= DATASET EXCERPTS =

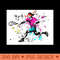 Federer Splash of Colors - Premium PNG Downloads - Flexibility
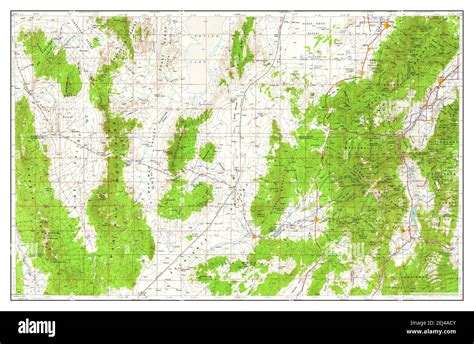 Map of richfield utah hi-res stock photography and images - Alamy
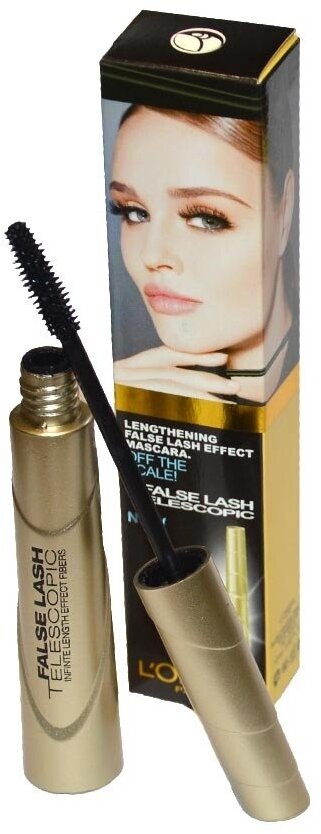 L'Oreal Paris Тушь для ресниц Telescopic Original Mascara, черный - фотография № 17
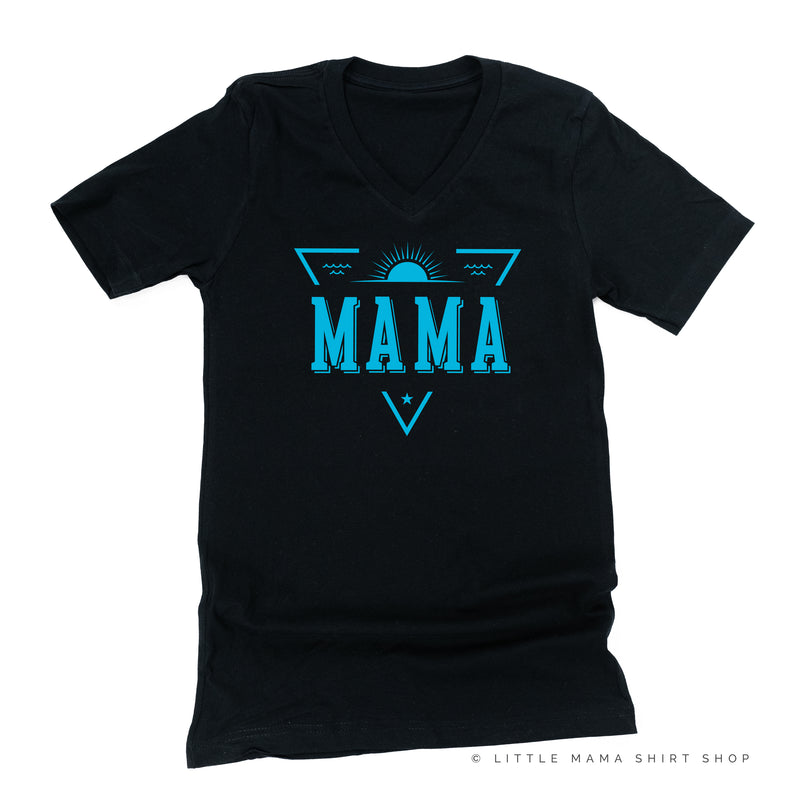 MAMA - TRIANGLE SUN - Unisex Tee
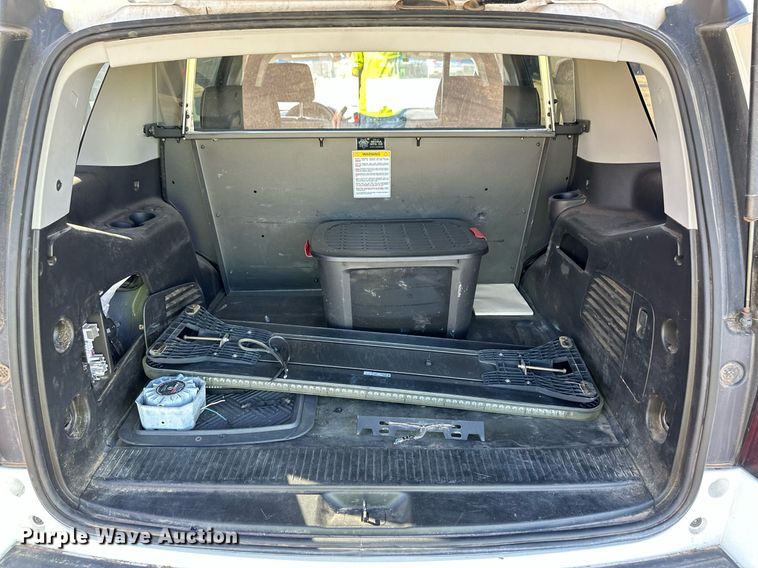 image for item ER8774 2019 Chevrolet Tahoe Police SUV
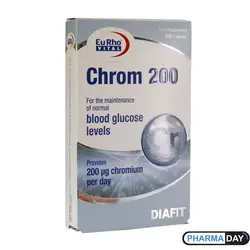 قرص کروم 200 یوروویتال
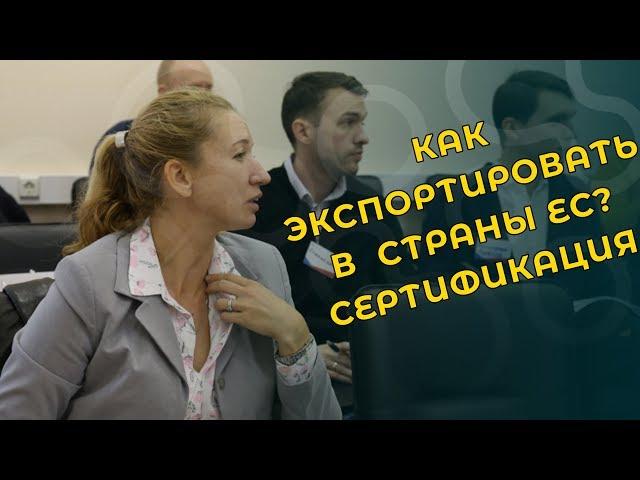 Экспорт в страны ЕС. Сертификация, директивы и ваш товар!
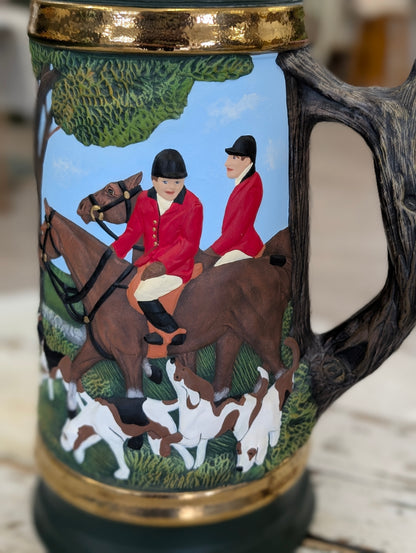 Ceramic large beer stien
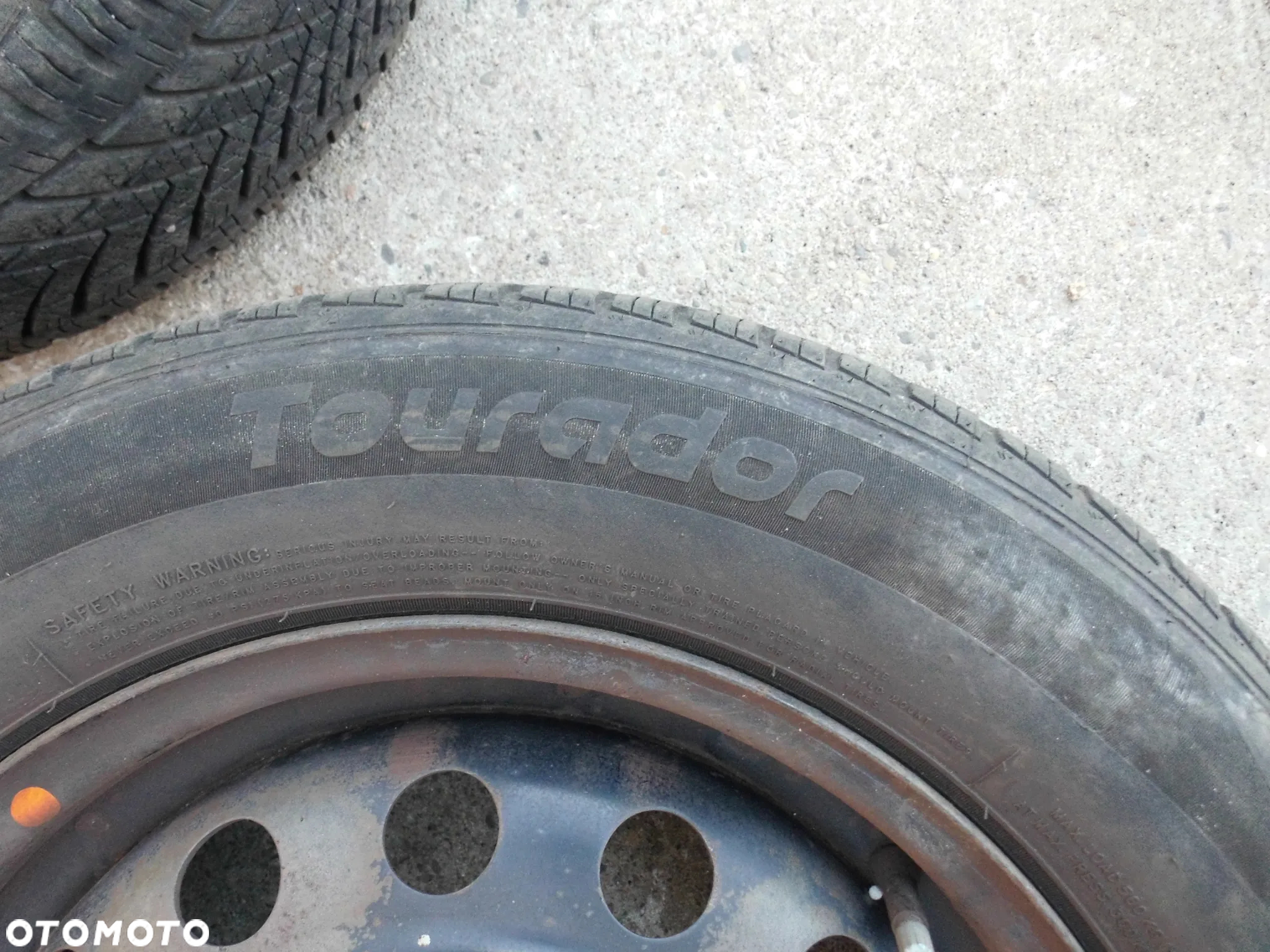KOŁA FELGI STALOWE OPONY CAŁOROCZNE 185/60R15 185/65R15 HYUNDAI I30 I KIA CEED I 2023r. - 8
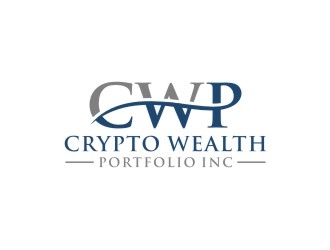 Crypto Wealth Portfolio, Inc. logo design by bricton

= REQUIREMENT =
Word for word, restate the lines from the one containing "KOŁA FELGI STALOWE" through the end of the listing, and nothing more. Skip the pictures.

= SOLUTION TO THIS PROBLEM =
KOŁA FELGI STALOWE OPONY CAŁOROCZNE 185/60R15 185/65R15 HYUNDAI I30 I KIA CEED I 2023r. - 8
 Crypto Wealth Portfolio, Inc. logo design by bricton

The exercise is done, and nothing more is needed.